Teams confronted with this reach first for the wrong fix, because the wrong fix is the comfortable one: prompt better, spec harder, get the agent to produce cleaner code so there is less to review. It helps a little and it misses the structure of the problem. The problem is not that the input is dirty. The problem is that the output side, verification, cannot scale the way generation just did, and no amount of better prompting changes that. The fix is not “prompt better.” It is “rebuild the verification layer,” and that is a different and less glamorous project.
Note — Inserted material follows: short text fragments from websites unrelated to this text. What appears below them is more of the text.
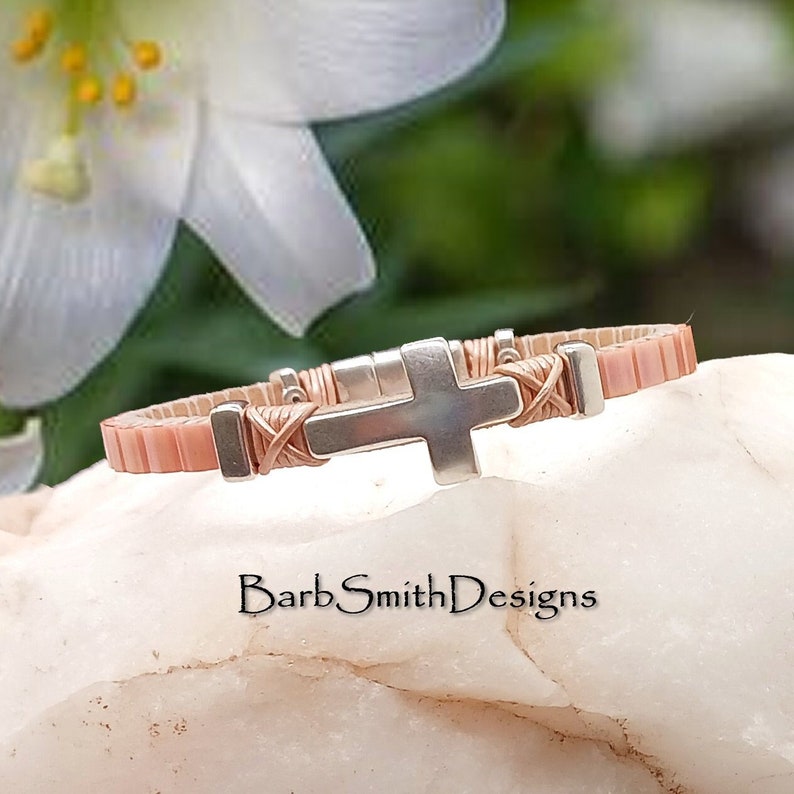 Size 6 1/2 Peach Silver Cross Bracelet-Metallic Champagne Leather-Magnetic ClaspSimply Heavenly in Peach PCH image 1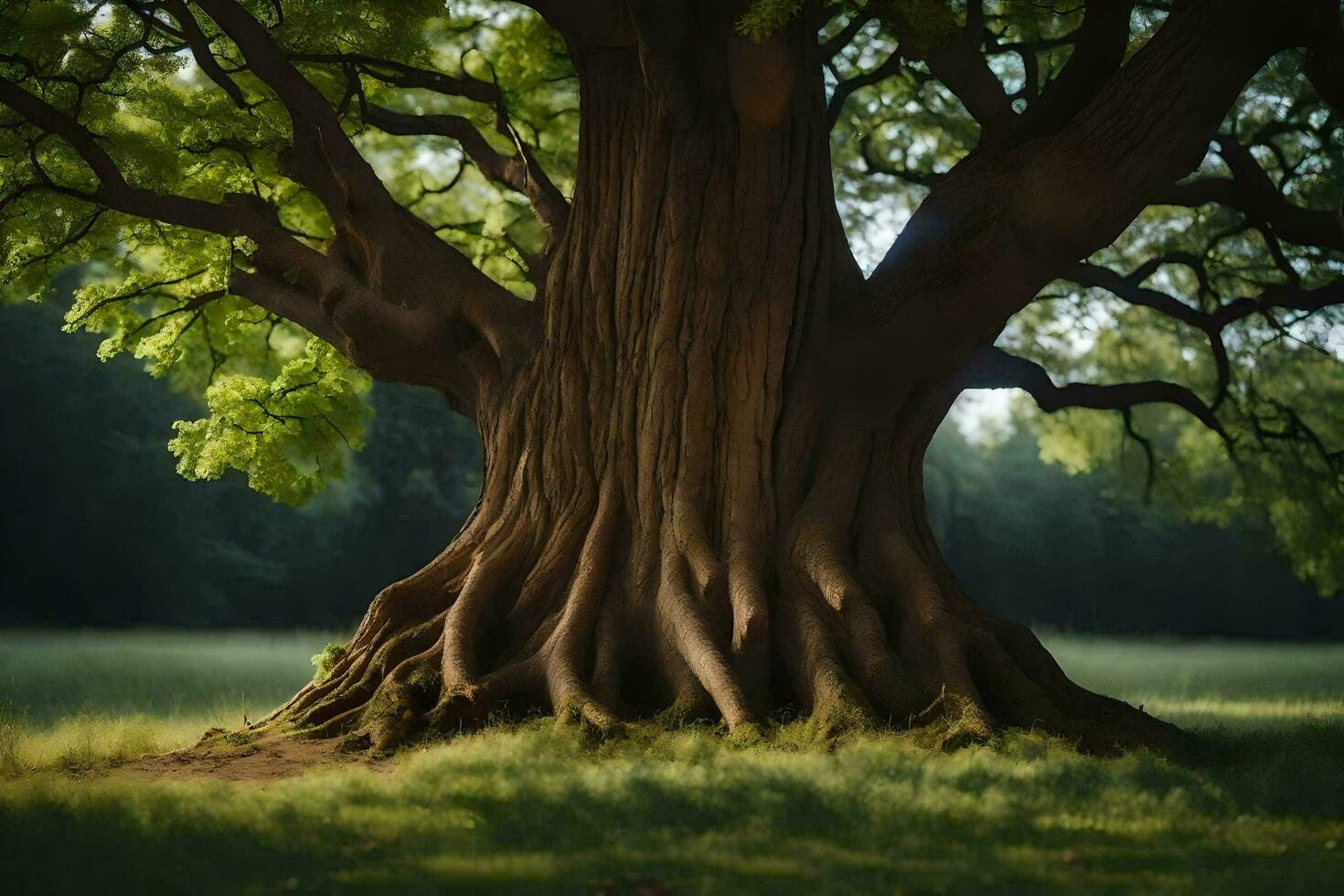 uma ampla árvore com ampla raízes dentro a meio do uma campo. gerado por IA foto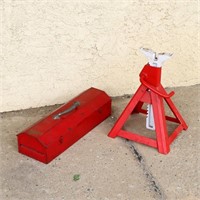 Tool Box Tools and single Jack Stand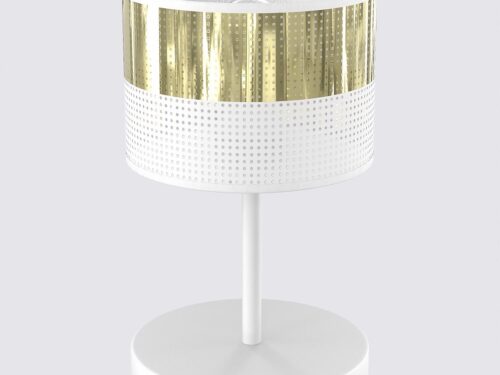 Tafellamp Toske Wit Ø20 cm met goudkleurige kap, wit gepoedercoat staal en ronde voet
What the teams further along do is narrower and more disciplined than the vendor pitch. They bound the agent to a small, auditable loop with explicit completion criteria, the most useful practical construct in the whole space being a four-field delegation: goal, context, constraints, and “done when.” The agent is not set loose on the architecture. It is handed a scoped task with a stated definition of done, on an ephemeral branch that starts from a clean environment so the blast radius of a bad run is contained and every run is auditable. The agent cannot push to the protected branch or merge its own work; that gate stays human. I want to be careful here, because the first wave of writing on this oversold it: there is no strong evidence that teams enforce numeric limits on diff size, or run formal statistical sampling of agent output. The real, observed pattern is plainer than that. Bound the task, contain the environment, and put layered automated review in front of the human so the human sees a smaller, pre-filtered surface.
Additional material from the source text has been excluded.